The case: 303 Creative v. Aubrey Elenis, the Colorado attorney general. This case was initiated by the Alliance Defending Freedom, a legal group which has focused largely on anti-LGBTQ projects. In this case, ADF sought to restage an earlier case that fell short —Masterpiece Cakeshop v. Colorado—where the group won only a procedural victory. In this case, ADF has asked a web designer to press a pre-emptive case against the state public accommodations law protecting LGBTQ people, saying that —if she did offer wedding page services, she would not want to offer them to same-sex couples because of her religious beliefs.

The appellant: Graphic artist Lorie Smith was recruited by the Alliance Defending Freedom to file this lawsuit even though no same-sex couple had yet come to her seeking a design for their wedding plans. In fact, Smith had not yet even offered to provide wedding site designs for any potential customers. Although Smith said she has had LGBT clients, she said she could not do wedding site designs for same-sex couples because of her belief that the bible prohibits same-sex marriage.

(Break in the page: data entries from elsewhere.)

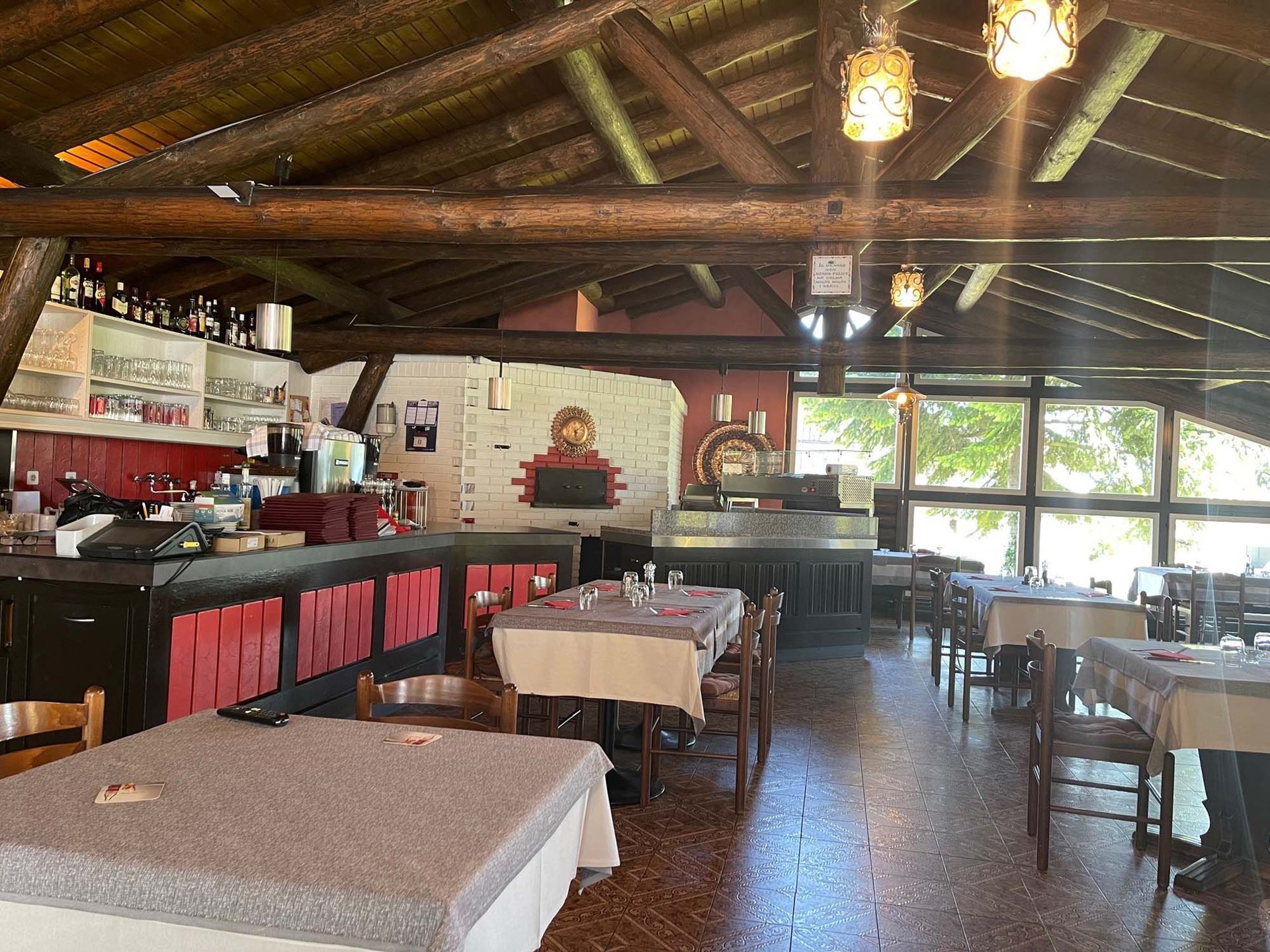 Ein Restaurant mit Tischen und Stühlen und einer Holzdecke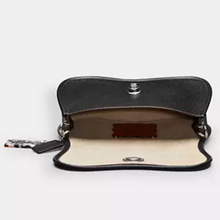 Load image into Gallery viewer, Black leather clutch bag with beige interior on a white background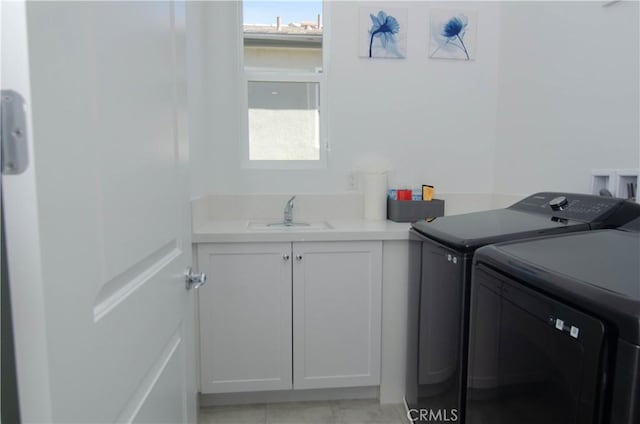 washroom featuring cabinet space, a sink, and washing machine and clothes dryer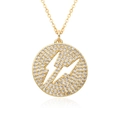 Macro shot of gold-plated lightning bolt circle pendant with sparkling cubic zirconia - Circular Lightning Geometric Style (h237)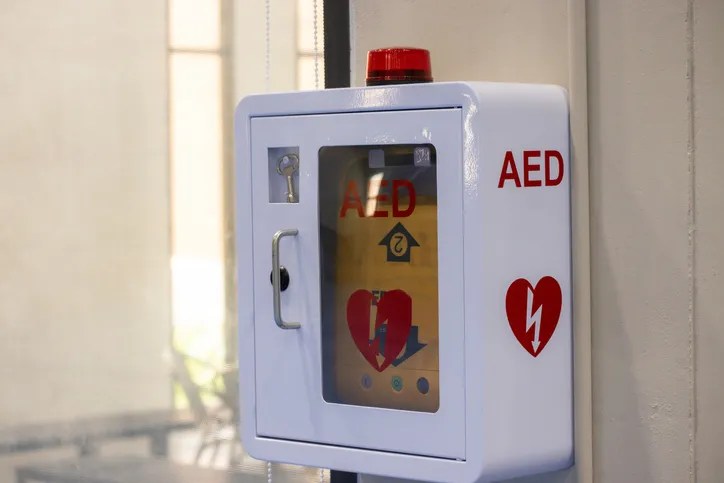 A white box with a red and yellow heart on it. The box is labeled AED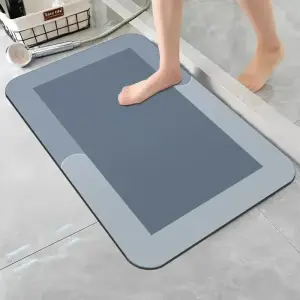 Blaue Badematte mit hellem Rand und abgerundeten Ecken – Blau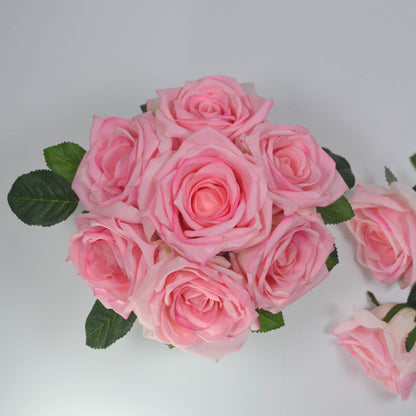 Bouquet of pink roses with green leaves on a light gray background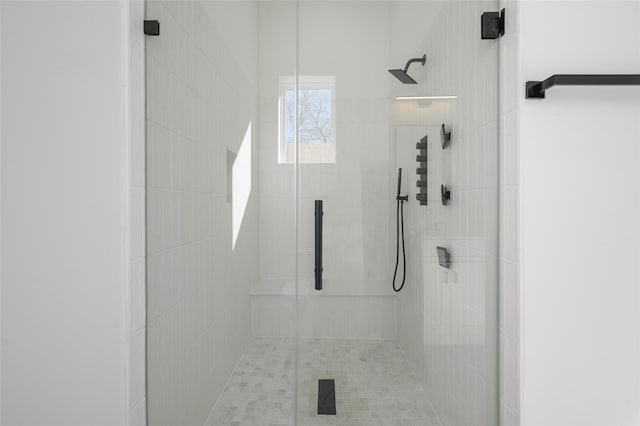 full bathroom featuring a shower stall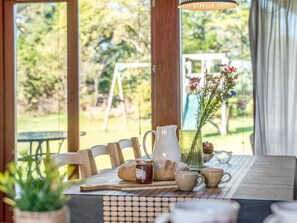 An outdoor dining area with a table set for two, featuring a pitcher, bread, and a vase with flowers.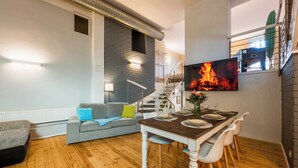A modern living room with a dining area, wooden flooring, a grey sofa with a green pillow, a TV mounted on the wall, and a staircase leading to an upper level. - Spacious ground floor loft with 140 m² - ideal for families & groups of up to 6 (7) people (Magdeburg)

The respondent: The state of Colorado, and its Attorney General Aubrey Elenis, are defending the state law prohibiting, in public accommodations, discrimination based on "disability, race, creed, color, sex, sexual orientation, marital status, national origin, or ancestry."

Previous rulings: Both a U.S. District Court and the 10th Circuit U.S. Court of Appeals upheld the Colorado Anti-Discrimination Act (CADA) in this challenge. The 10th Circuit ruled CADA to be a "neutral law of general applicability" and said it is neither unconstitutionally vague nor overbroad and did not violate the free speech or free exercise rights of the plaintiff.

The question at the Supreme Court: The Supreme Court has dramatically reframed the question posed by attorneys for the web designer. ADF attorneys asked: "Whether applying a public accommodation law to compel an artist to speak or stay silent, contrary to the artist's sincerely held religious beliefs, violates the Free Speech or Free Exercise Clauses of the First Amendment." The Supreme Court, in accepting the ADF appeal, posed much larger question, one that does not require a religious objection but any objection: "Whether applying a public accommodation law to compel an artist to speak or stay silent violates the Free Speech Clause of the First Amendment."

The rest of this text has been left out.